Elastases in cystic fibrosis (CF) pulmonary fluids damage lung tissue and perpetuate cycles of infection, inflammation and injury. Elastases from three different sources may be present in CF airways: neutrophils, macrophages and Pseudomonas. We measured how well the cephalosporin-based antielastase L-658,758 blocks the activity of human neutrophil elastase (NE), human proteinase-3, human macrophage metalloelastase, mouse macrophage metalloelastase and Pseudomonas aeruginosa elastase. We also examined the ability of L-658,758 to block elastases in CF sputum in vitro. Sputum samples from adult CF patients were fractionated to obtain the aqueous sol phase. These were then studied individually or pooled.

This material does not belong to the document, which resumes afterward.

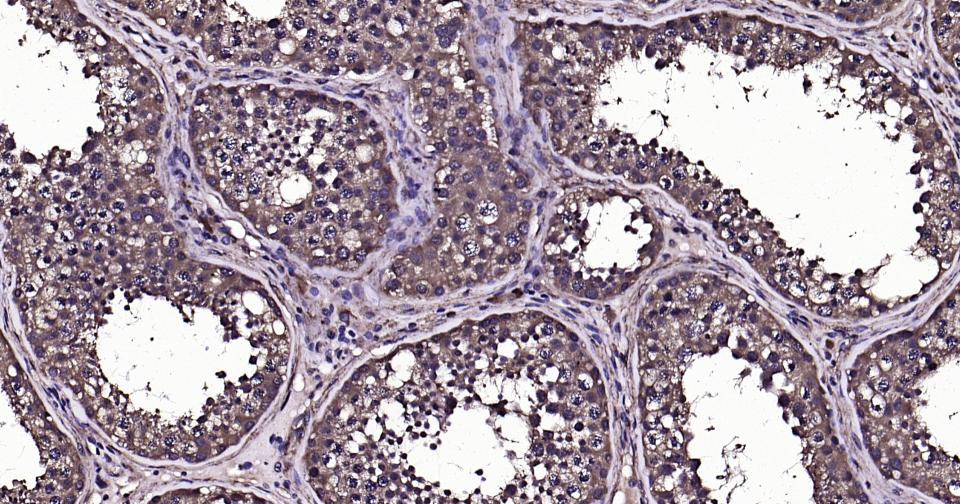 泛素蛋白（K63-linkage）重组兔单抗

Elastinolytic activity, which ranged from 3.2 μg elastin degraded/ml sol/min to 26.3 μg elastin degraded/ml sol/min, was measurable in every individual sol sample and in the pooled sol. L-658,758 effectively inhibited elastinolysis by NE, proteinase-3 and the pooled sol but did not inhibit the activity of the metalloelastases, human and mouse macrophage metalloelastase and Pseudomonas elastase. Secretory leukoprotease inhibitor, which inhibited NE but did not inhibit proteinase-3, blocked 90% of sol elastinolytic activity; this suggests that the majority of this activity in the pooled sol derived from NE. L-658,758 was an effective inhibitor of sol elastase, blocking more than 97% of elastinolytic activity in the individual sol samples. We conclude that L-658,758 is an effective inhibitor of NE, proteinase-3 and CF sputum sol elastase.

Footnotes

  • Send reprint requests to: Dr. Dianne D. Rees, CBR Laboratories, Inc., 800 Huntington Avenue, Boston, MA 02115.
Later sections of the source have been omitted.